2 T Olive Oil, then later 2 more T Olive Oil

1 lb. Italian sausage, hot or sweet, your preference

1 cup sweet peppers, diced or sliced (baby are nice, red or orange, no green)

1 cup white wine vinegar (not distilled, red wine vinegar works too)

about 2 cups low or no salt chicken stock (if you want to make your own, see footnote*)

1 bay leaf

chili flake (optional)

salt and pepper as needed

1. Preheat oven to 375.

2. Toss potatoes and  4 garlic cloves in initial 2 T of Olive oil. Season with salt and pepper, lay out on a sheet pan or cookie sheet and roast 20 minutes. Turn potatoes and roast another 10 or so minutes, until soft and caramelized. Hold them until you need to add them to the recipe.

3. Heat remaining 2 T in a shallow wide skillet with a lid. Season chicken pieces with salt and pepper. When oil shimmers and lets of the slightest bit of smoke, add chicken pieces, skin side down. Don’t crowd the pan, rather do batches so that the chicken browns properly. Once you add the chicken to the pan, don’t disturb it- let a crust build on it before you try to turn it or it will stick. Brown chicken on all sides and remove, reserving in a bowl. Brown sausage as well, getting nice color on all sides and reserve to same bowl.

4. If there is just a ton of fat, pour some off, leaving about 2 T inside. Add garlic and peppers and sauté, until they just start to color.

5. Pull pan off the heat. add vinegar and return to heat. Scrape bottom of the pan with wooden spoon to release any stuck bits. This is called deglazing. Reduce vinegar by half. Add chicken and sausage back into the pan. This, unlike the browning phase, can be a snug fit. Add bay leaf and chicken stock so that it comes about 3/4 the way up the sides of the chicken. If you have made your own stock you will need to add some salt at this step. Just add a little, you will taste and adjust later.

6. Bring to a boil then reduce to a simmer. Cover.

7. Simmer until white meat is just done, about 12-15 minutes (depending on the size of the chicken). Don’t worry if it is a little under because it will continue to cook while it is being held and you are going to put it back in the pan and cook it a bit more too. Remove white meat to a bowl and cover loosely with a damp towel or plastic wrap to reserve. Remove sausage and let rest for a few minutes. Then slice sausage and add it back to the pot.
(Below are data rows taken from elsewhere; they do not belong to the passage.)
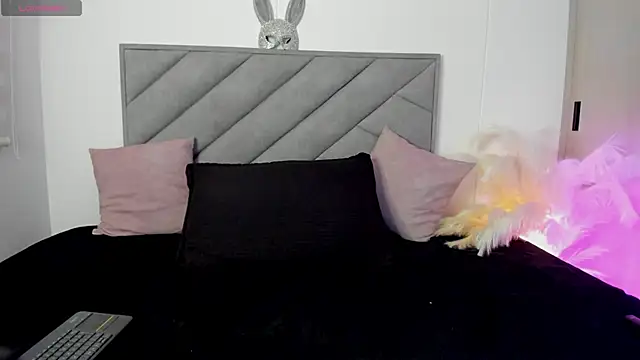 CandyMeyerss  online show from February 2026 11:59:01 PM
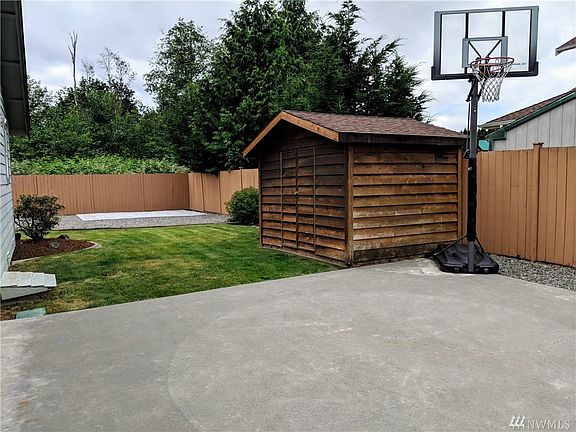 4th image of 16810 Gailee Dr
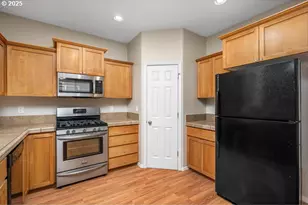 1112 SE Alika Ave, Hillsboro, OR 97123 - Photo 8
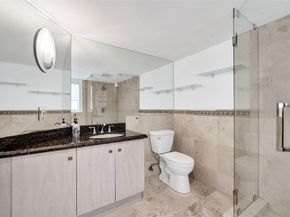 2601 NE 37th St, Fort Lauderdale FL 33308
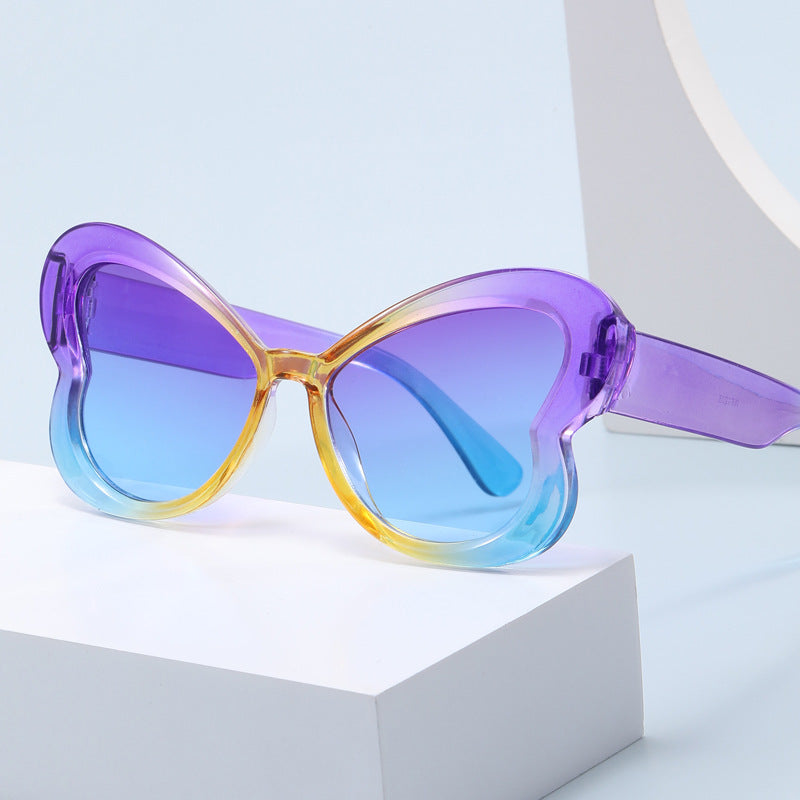 Damen Oversized-Sonnenbrille im verspielten Schmetterlingsdesign Karnz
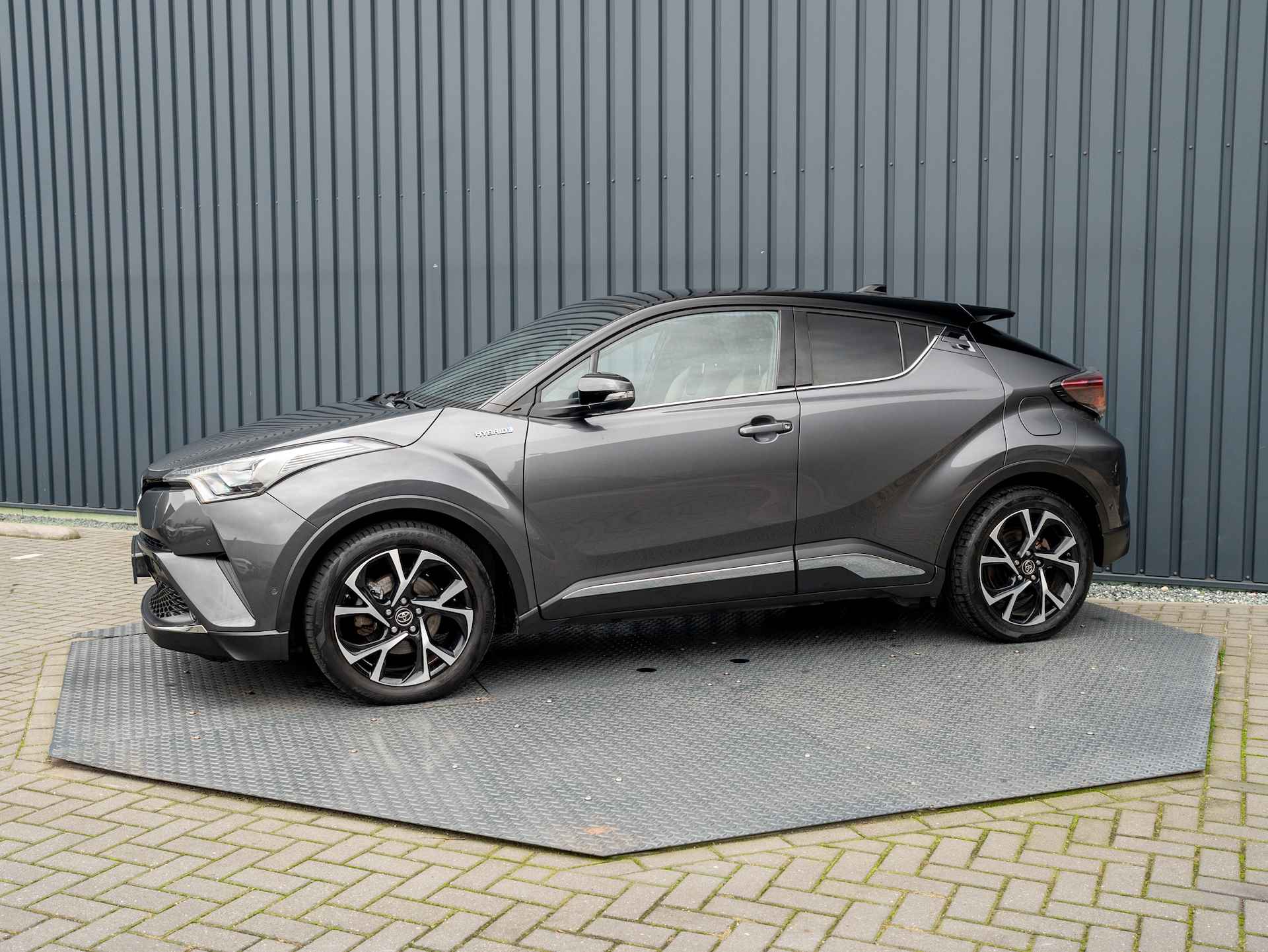 Toyota C-HR 1.8 Hybrid Bi-Tone Executive Ultimate | Trekhaak afnb. | Leder | JBL | Full LED | Prijs Rijklaar!! - 3/46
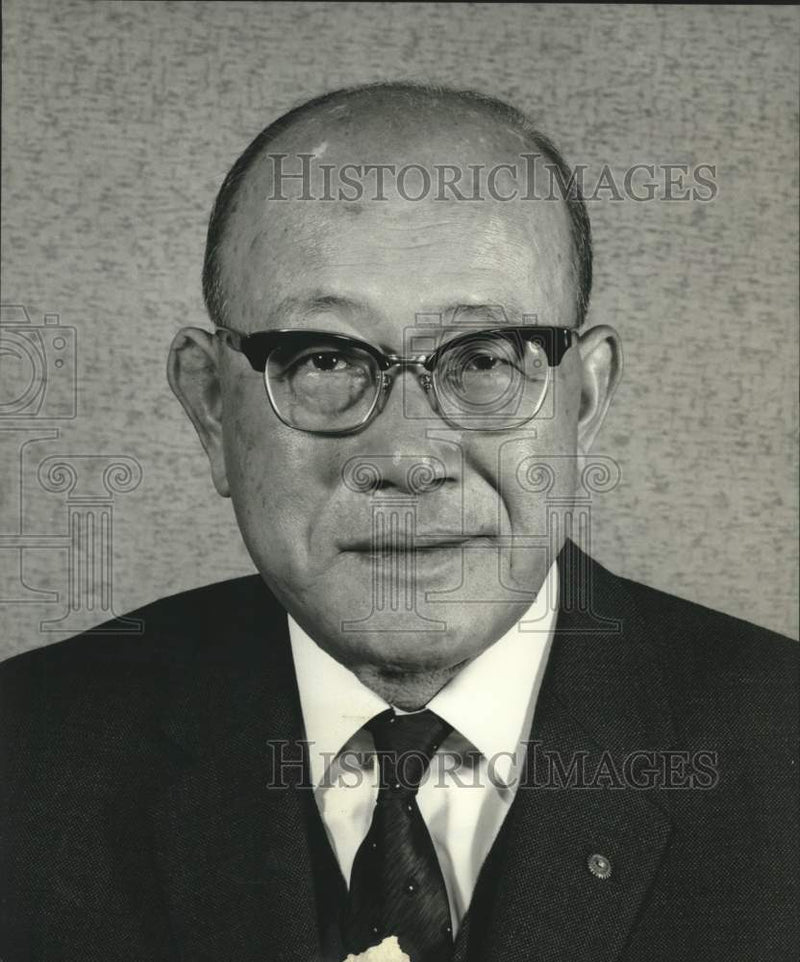 Load image into Gallery viewer, 1969 Press Photo Somei Iwata, president of Noritake Company Limited - nob75103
8. Continue cooking dark meat until it pulls off the bone easily.

9. When dark meat is done, remove the cover and adjust sauce. If you need to reduce the sauce a bit do it now. Just remember that salt will concentrate as you reduce so don’t season fully until the end. This dish should be juicy and saucy, not dry  or with a thick gravy.

10. Return white meat and potatoes to the pan and heat gently so that the flavors marry. If you are adding blanched broccoli do so at this point.

11. Enjoy! Leftovers of this are great because the chicken really marinates in the sauce.

*I make my own chicken stock for this recipe. Since you are cooking chicken on the bone anyway, you don’t need to go crazy on the stock, as the chicken itself will also add to the sauce. Just take the wingtips and backbone, place them in the smallest pot they will fit in and cover with water. Make this be the first thing you do. Bring it to a boil, then reduce it to a simmer. Using a spoon, take out the impurities that will rise to the surface (greasy and scummy looking stuff). While you prep the rest of the ingredients, this will cook and by the time you need it for the recipe it will have cooked long enough.